To tell this story I have selected, with considerable anxiety, 46 papers from the earliest times to 1980, and have introduced each with a brief context-setting essay. Each of these papers made a memorable contribution to the field. Many others might have been selected in addition to or instead of these, and the 1980 cut-off date is arbitrary—though it does represent a moment when the field became so diversified as to defy summation in a small collection like this one.
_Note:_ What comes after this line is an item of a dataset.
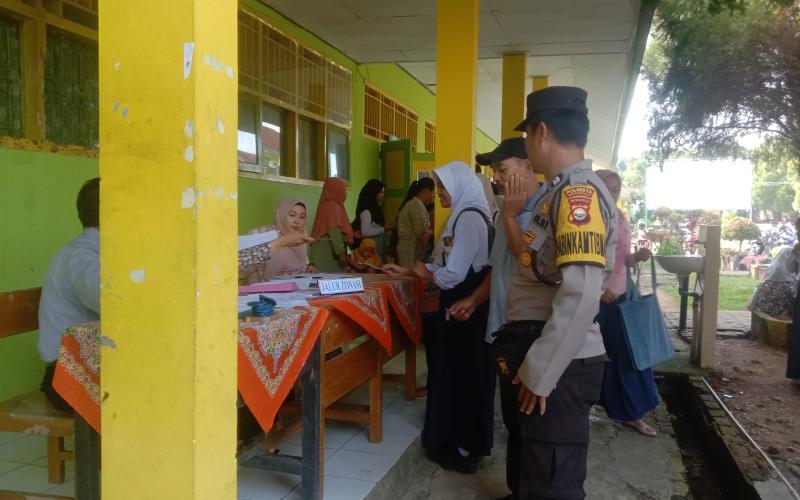 Bhabinkamtibmas Polsek Gading Cempaka Monitoring PPDB di SMAN 7 Kota Bengkulu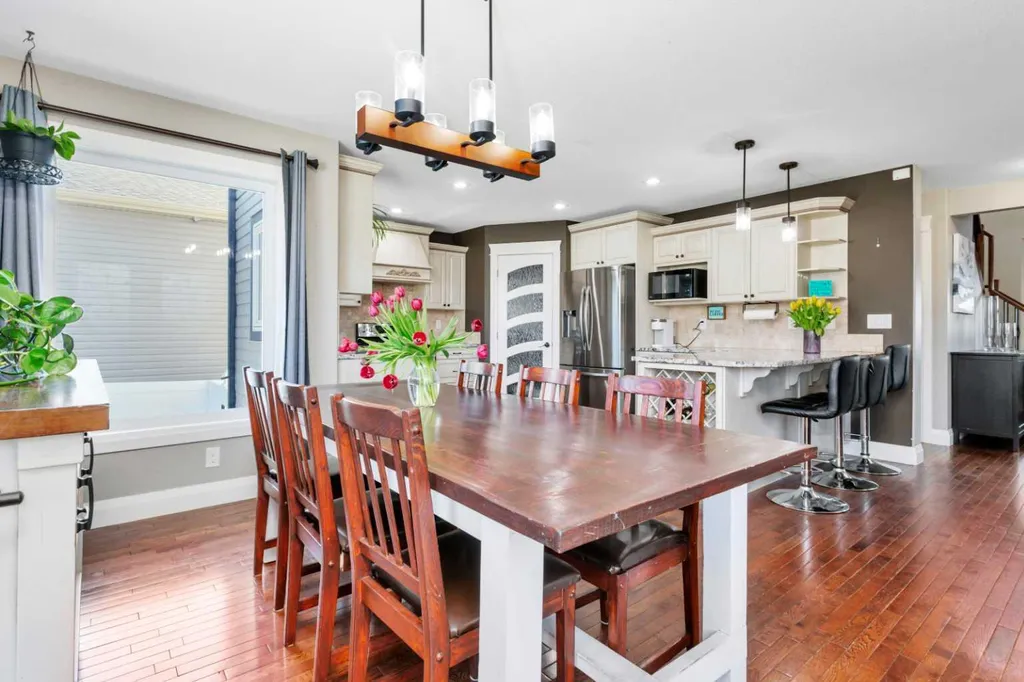 17 Coachill Street Blackfalds AB T4M 0A9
This book is an educational volume documenting the origins of the field, and neither a critical edition of the papers nor a history of the field. The Introduction sets the papers in their historical context, but for those seeking a more thorough and nuanced account of historical developments, Priestley (2011) successfully avoids both over-reliance on self-interested recollections of the principals and post hoc ergo propter hoc fallacies. For the early history of computing machines, the reader is referred to Pratt (1987) and Jones (2016).

This volume is suitable for a one-semester course aimed at graduate students or advanced undergraduates, and has been used for that purpose at both Harvard and MIT. It can also serve as a guided tour for a curious professional. Among the factors considered when selecting and editing papers were these:

1. Many papers are heavily excerpted, both to focus on the key contributions and to omit technical details no longer of great interest. For example, I have omitted the ugly details of Turing’s code for his universal machine. Omitted text is indicated throughout by use of an ellipsis (). Needless to say, readers hungry for more detail should track down the full papers. Each chapter begins with the bibliographic reference for the paper, though the year in the bibliographic citation may not match the year included with the title, since some papers were presented orally first or revised after their first publication. Moreover, the invention or discovery documented in the paper may have occurred earlier than the publication date.
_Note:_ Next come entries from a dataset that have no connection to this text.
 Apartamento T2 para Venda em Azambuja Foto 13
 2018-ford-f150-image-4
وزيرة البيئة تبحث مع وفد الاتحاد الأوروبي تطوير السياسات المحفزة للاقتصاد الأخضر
2. I preferred short and readable papers to long or difficult papers, no matter how important.

3. I included only papers, not book extracts (with the exception of Boole’s The Laws of Thought and the title essay from Brooks’s collection The Mythical Man-Month).

4. I did not attempt to condense the defining reports for major programming languages such as FORTRAN, COBOL, or ALGOL, important though they were to the development of the field.

5. Important early efforts to systematize the field are also omitted, for example Curriculum 68 (Atchison et al., 1968) and the history of programming languages by Jean Sammet (1972).

6. The page count of authors included cannot be taken as a measure of their importance as computer scientists of the period. Donald Knuth would be under-represented by that standard and Edsger Dijkstra perhaps over-represented; great names such as Backus, Chomsky, Church, Floyd, Gray, Kleene, Newell, Lamport, Lampson, Rabin, Scott, and Tarjan are missing entirely. Apologies to anyone whose favorite paper or scientist did not make it in!

And a few purely editorial details.

  • All references have been moved to a common bibliography at the end of the book, and Chicago style citations are used throughout. Any document cited in the original paper but not cited within the excerpted part of the text of a paper has not been included in the bibliography.
  • Typographical errors in the original papers have been corrected, and punctuation has generally been standardized.
  • Section and figure numbering has been made uniform. §33.7 is section 7 (or perhaps the seventh unnumbered section) of the original paper that appears here as chapter 33.
  • The original numbering of theorems and lemmas has generally been retained.
  • Footnotes have been omitted or incorporated as parentheses in the running text.
  • In a few places, I have included editorial comments using the form “[EDITOR: The comment].”

For their careful proofreading I am grateful to the students of Harvard CS191 in 2019 and MIT 6.S897 in 2020. Brian Sapozhnikov and Adham Meguid were especially eagle-eyed. Thanks also to Peter Denning, Bill Gasarch, Warren Goldfarb, Matthew Lena, Maryanthe Malliaris, Tasha Schoenstein, Lloyd Strickland, Sherry Turkle, and Joel Wachman for their helpful comments and corrections. Of course, any remaining errors are solely my responsibility.